Is there anyway I can operate those contactors from the helm station?

What I would prefer is using parts from golf carts as long as the motors I plan on using will work with the controllers. Im looking at running a 72v bank at 400 amps. (Per motor).


----------



## MidEastBatteries (Mar 10, 2011)

ofc, Reversing contactors can be done from anywhere you can get wires from.

You basically have 1 wire coming the battery going to 3 position toggle switch and then have 2 out wires. one is reverse, one is forward and one is left empty for "off", going back to the contactor and the other side of the contactor to the "battery negative".


----------



## DaveAK (Jun 28, 2009)

I know very little about golf carts, fork lifts or boats, so what follows is just the little information that I've picked up here and there.

Golf cart motors often have a female splined shaft and no face plate as they bolt directly to a differential. What's your budget for motors and controllers? There's quite a lot out there to choose from for a 72V system, and another issue would be that golf carts are often 48V and so you might need new controllers anyway.

What controls do you have at the helm? I'm guessing separate throttle controls for port and starboard motors? My preference would be to use the same set up and have a controller per motor operated by the existing throttle controls.
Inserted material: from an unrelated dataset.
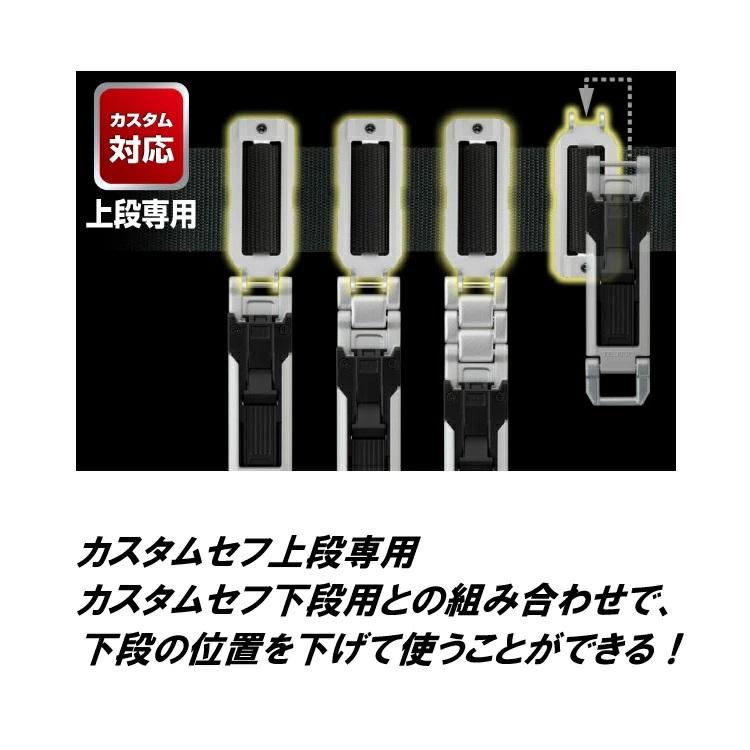 【カスタムセフ】タジマ TAJIMA カスタムセフホルダー SFP-BL2BK カスタムセフホルダー用ベルトループプレート ブラック | Tajima | 01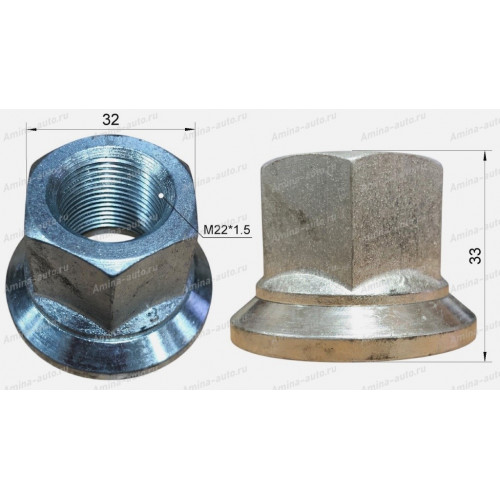 Гайка шпильки передней (higer) m22x1,5 ключ 32 мм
Reversing the motors can either be done via reversing contactors, or you can go with sepex motors and controllers that typically have reverse built in. You'd need to figure out how to switch from forward to reverse, (or neutral), but either the contactor method or controller method simply requires low voltage wiring, so could be controlled from the helm.

I'm probably not going to be much help, but I really like the idea of a boat conversion so I'm going to keep an eye on this thread. Maybe one day I'll be able to convert a boat of my own. There's another boat conversion on here somewhere that you should check out.


----------



## Ektus (Feb 15, 2011)

DaveAK said:


> There's another boat conversion on here somewhere that you should check out.



There: http://www.diyelectriccar.com/forums/showthread.php/coupling-two-motors-jaw-couplingi-fw-55318.html


Regards
Ektus.


----------



## Wild (Aug 19, 2011)

Meangreen,
Let's float your boat with a better idea
http://www.aquawatt.at/en/inboard-propulsion-sytem.php

I will be converting boats and outboards in the future with a similar concept.


----------



## JRP3 (Mar 7, 2008)

I'm not sure the added cost of AC makes much sense in a boat that can't use regen. Since you already have the transmissions you might as well use them instead of paying for costly reversing contactors, plus you probably get some gear reduction as well, allowing the motors to spin faster at lower speeds. Plus you can also save money and use a single controller and still reverse the motors independently. You'll probably want to use forced air cooling to avoid heat issues http://www.diyelectriccar.com/forums/showthread.php/overheating-sepex-motor-controlleri-61756.html


----------